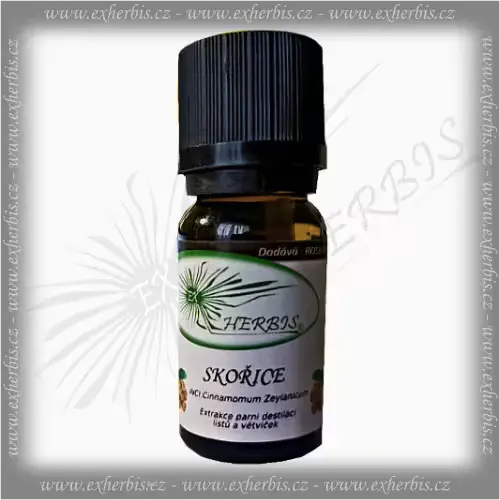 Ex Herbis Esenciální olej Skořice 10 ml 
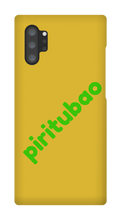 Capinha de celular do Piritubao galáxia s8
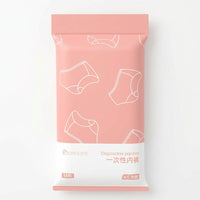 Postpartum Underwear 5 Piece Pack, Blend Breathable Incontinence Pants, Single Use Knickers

::::::::::

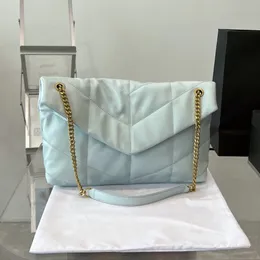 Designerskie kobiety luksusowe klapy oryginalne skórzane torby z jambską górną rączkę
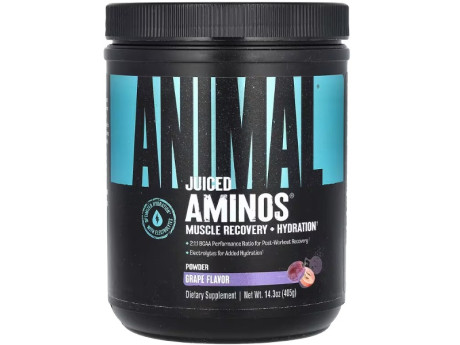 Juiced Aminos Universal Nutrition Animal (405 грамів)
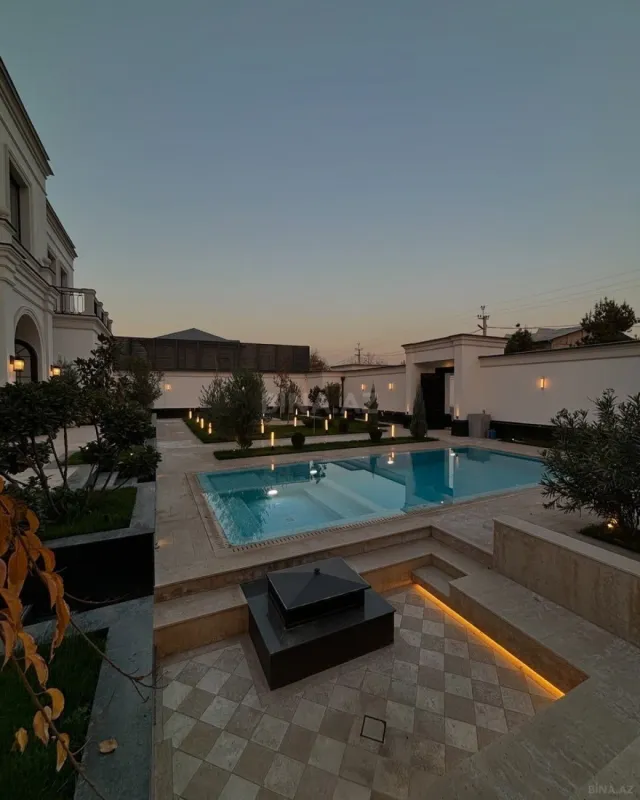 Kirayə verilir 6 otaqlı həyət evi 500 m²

::::::::::

■ Assignment ■
In the listing above, find the line with "Juiced Aminos Universal" and the line with "Kirayə verilir 6 otaqlı həyət evi 500 m²". Set down both and every line between them, minus the pictures.

■ Solved problem ■
 Juiced Aminos Universal Nutrition Animal (405 грамів)
 Kirayə verilir 6 otaqlı həyət evi 500 m²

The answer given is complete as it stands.